Provided data:
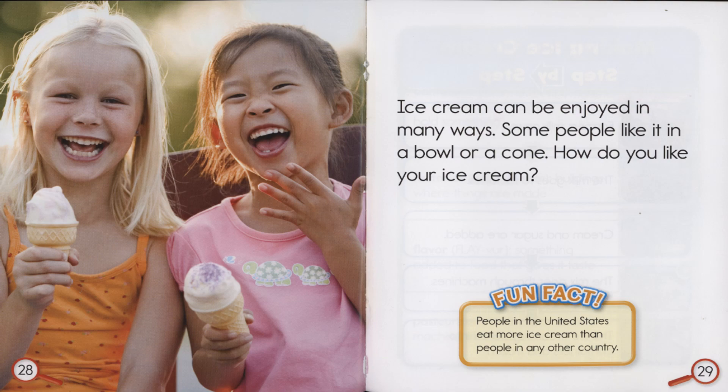Ice cream can be enjoyed in many ways. Some people like it in a bowl or a cone. How do you like your ice cream? Fun Fact: People in the United States eat more ice cream than people in any other country.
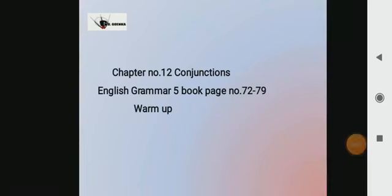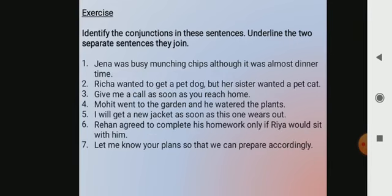Greetings of the day, dear children. In today's English class, we'll continue with chapter 12, conjunctions, which is from your English grammar book 5, page number 72 to 79. Today we'll do this exercise to assess how much we have learned about some commonly used conjunctions that join clauses or sentences. So based on yesterday's lesson, today we will solve this exercise. Now let's start.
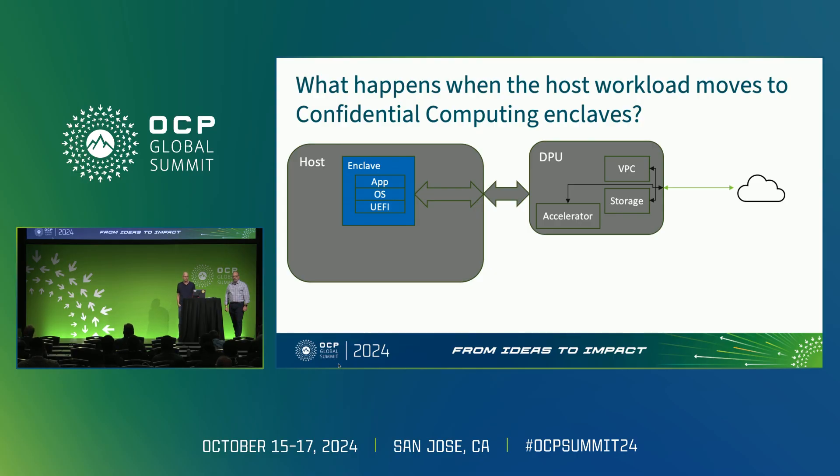So what happens when that host workload moves to a confidential computing enclave? If it's because they want to reduce their trust in the system operator, they're going to stop using the DPU resources because they have no way to be assured that the DPU is providing the services it claims to provide, that it's not exfiltrating data, and they can't trust the PCIe port connection they have to the DPU. That means the workload inside the enclave has to duplicate that work — implement their own key management, and they can't use the accelerators available on the DPU.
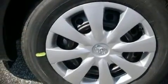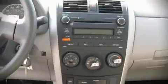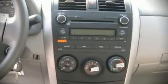Audio features include a CD player with AM-FM radio, and four well-positioned speakers. Toyota also prioritizes safety and security by including dual front impact airbags,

What you have to do: Nothing but the lines from the first line of the listing above to the line containing "Greetings of the" should appear in the answer, each one exact and with no pictures.

Completed exercise:
Ice cream can be enjoyed in many ways. Some people like it in a bowl or a cone. How do you like your ice cream? Fun Fact: People in the United States eat more ice cream than people in any other country.
Greetings of the day, dear children. In today's English class, we'll continue with chapter 12, conjunctions, which is from your English grammar book 5, page number 72 to 79. Today we'll do this exercise to assess how much we have learned about some commonly used conjunctions that join clauses or sentences. So based on yesterday's lesson, today we will solve this exercise. Now let's start.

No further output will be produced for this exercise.